In the material below, find the line containing "自信的土著老人坐在户外打电话" and the line containing "- Valokuva, kuva". Output those two lines and all lines between them exactly, without pictures.

Listed records:
........

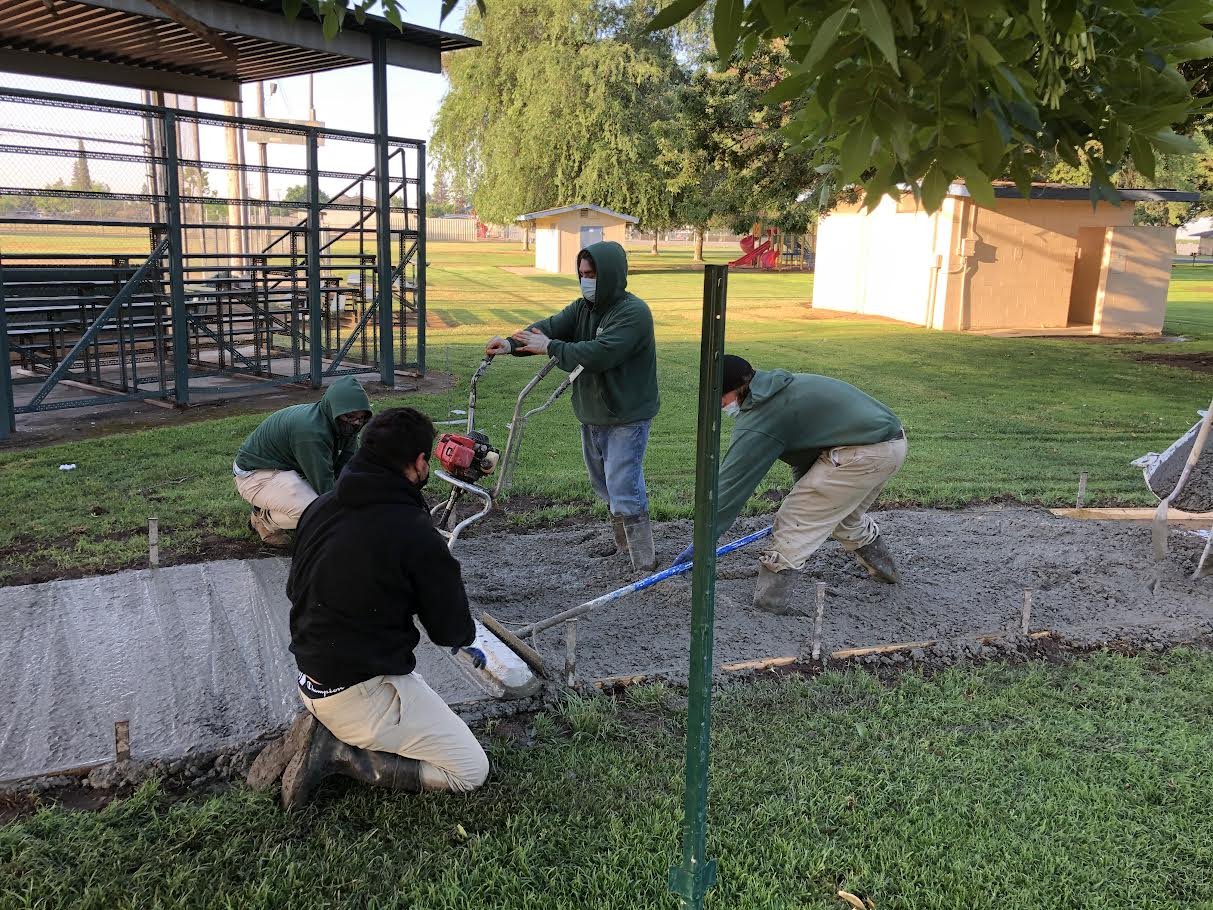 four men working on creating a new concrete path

........

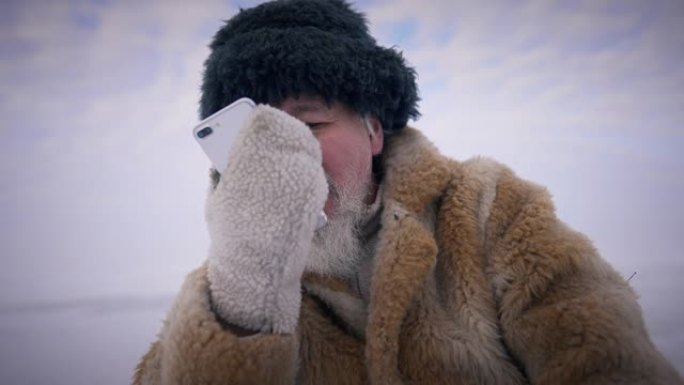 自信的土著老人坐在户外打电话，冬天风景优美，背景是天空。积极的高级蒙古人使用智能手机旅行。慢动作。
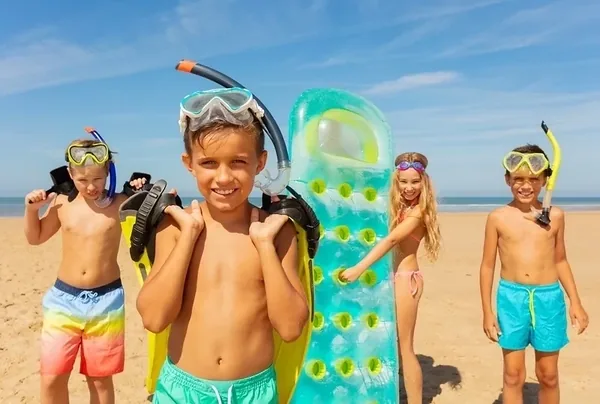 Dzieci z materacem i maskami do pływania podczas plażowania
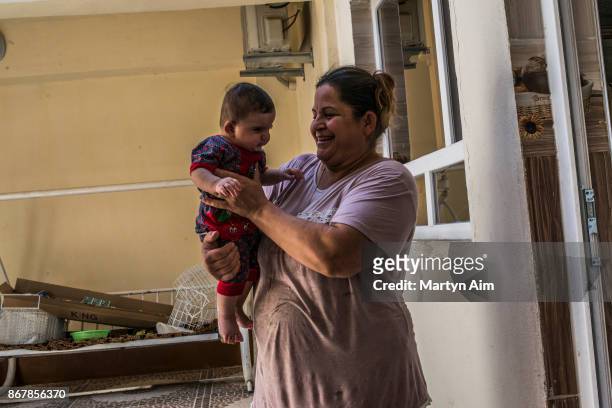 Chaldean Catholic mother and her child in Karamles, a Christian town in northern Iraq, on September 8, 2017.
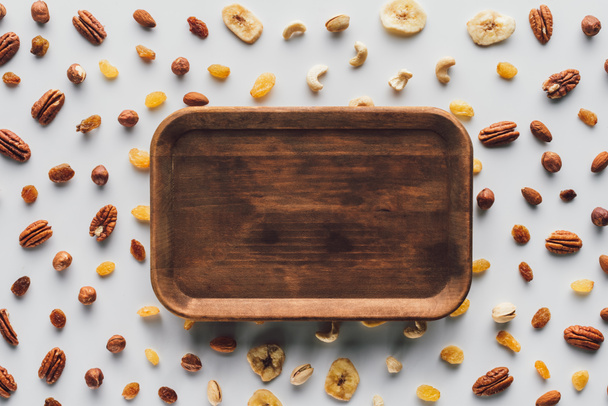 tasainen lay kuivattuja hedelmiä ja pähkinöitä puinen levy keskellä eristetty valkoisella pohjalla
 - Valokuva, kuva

........

Finished task:
 自信的土著老人坐在户外打电话，冬天风景优美，背景是天空。积极的高级蒙古人使用智能手机旅行。慢动作。
 Dzieci z materacem i maskami do pływania podczas plażowania
 Chaldean Catholic mother and her child in Karamles, a Christian town in northern Iraq, on September 8, 2017.
 tasainen lay kuivattuja hedelmiä ja pähkinöitä puinen levy keskellä eristetty valkoisella pohjalla
 - Valokuva, kuva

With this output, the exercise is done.